I also thought that all those who had been invited to make a presentation at the forum would take it in written form, so I spent some time drafting something on the specific topic I had been asked to discuss: civil society, indigenous peoples and peace-building. As I and the two other Latin American priests who had been invited for that same seminar have some experience with indigenous or Afro-American peoples in war zones, we would, it was assumed, know something about constructing peace. I also thought that about 3-4,000 people would go to the forum and it seemed incomprehensible to me that the Jesuits in India, who had invited me, could possibly take 1,500 people, as they announced in the communications sent to us via Internet from India and Rome.

In for a big surprise

Nothing at all was as I had imagined. The World Social Forum (WSF) in Mumbai (Bombay) was gigantic, an unbelievable multitude. Even the Mumbai press described it as “mammoth.” Some calculated 100,000 people, others 150,000. The Forum’s own web page announced that over 80,000 had actually registered. Where would so many people fit? Evidently, not in one hotel or even several.

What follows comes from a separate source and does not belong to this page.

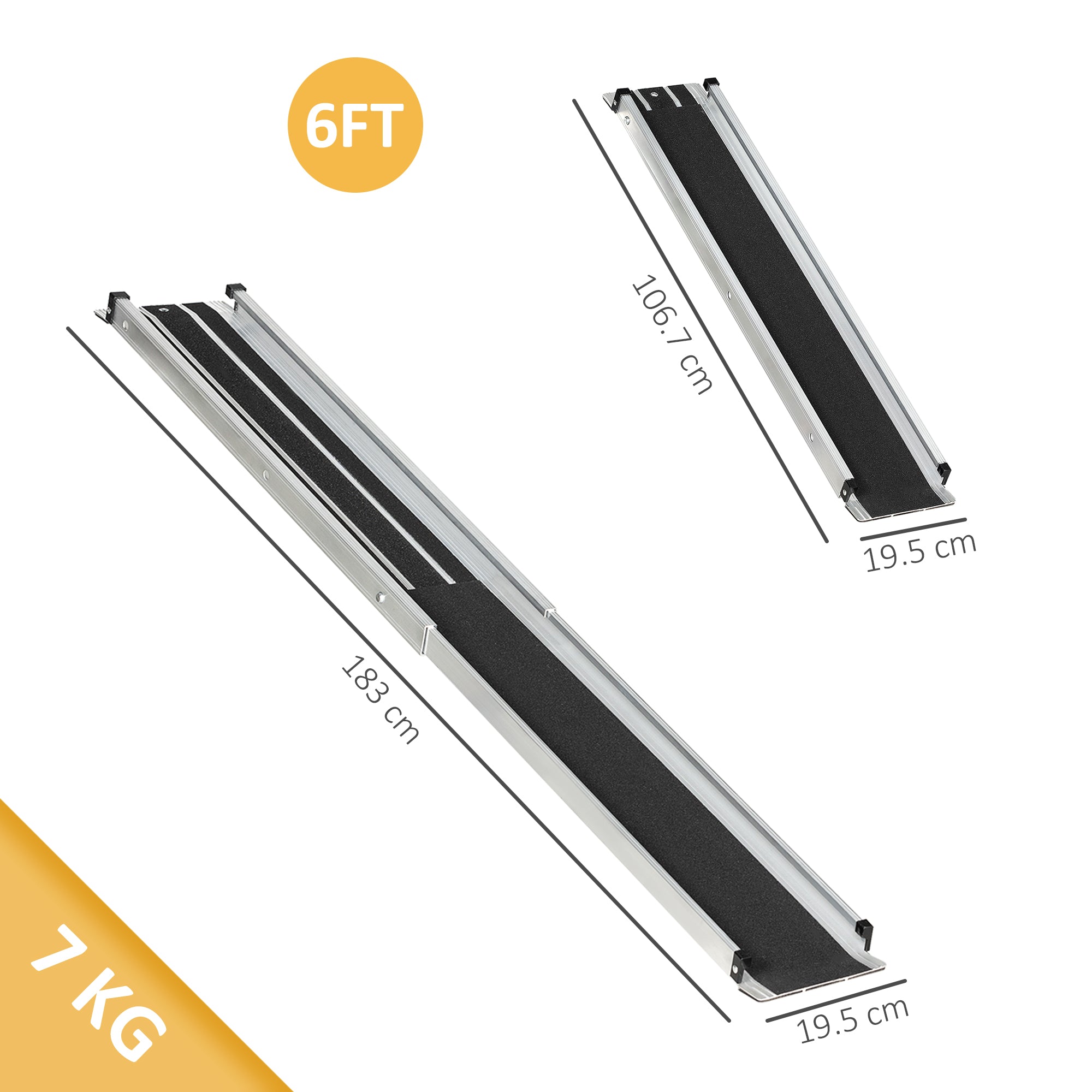 HOMCOM Set of Two 183cm Three-Level Aluminium Wheelchair Ramps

The location the organizers chose was an enormous vacant lot occupied by constructions similar to a Central American maquila (sweatshop assembly plant) park. Although currently called an exposition center, this place was previously a jeep factory. And during the forum it was a major symbol of capitalism in ruins, as rivers of people went dancing, singing and shouting slogans down the streets and esplanades separating those enormous abandoned constructions.
In addition to outfitting these vast shed structures, smaller “conference rooms” had also been thrown up, with walls and roofs made of bolts of cloth nailed to bamboo poles. There were perhaps 120 of these rustic rooms, in which seminars or workshops were simultaneously being held. While the smallest fitted 150 seated people, there were 300 in others, and even more in the largest ones. Three rounds of seminars or conferences were scheduled for each day (from 9 am to noon, 1 to 4 pm and 5 to 8 pm), so if all the rooms were in use, it meant that some 360 seminars were held each day on the most varied topics: assembly plants—maquilas—in the globalized world, the Butanese refugees, the Dalit (“untouchables”) of India, the Iraq war, globalization and Cancún, the future of the World Social Forum, the rights of children, the right to express one’s sexual orientation... Although the given theme was addressed precisely and in depth in some seminars, so that attending them gave the listener new insights, others were very rhetorical. It seems to me that this happened particularly in those seminars in which so many people attended that dialogue became impossible. In such circumstances, communication gets reduced to speeches.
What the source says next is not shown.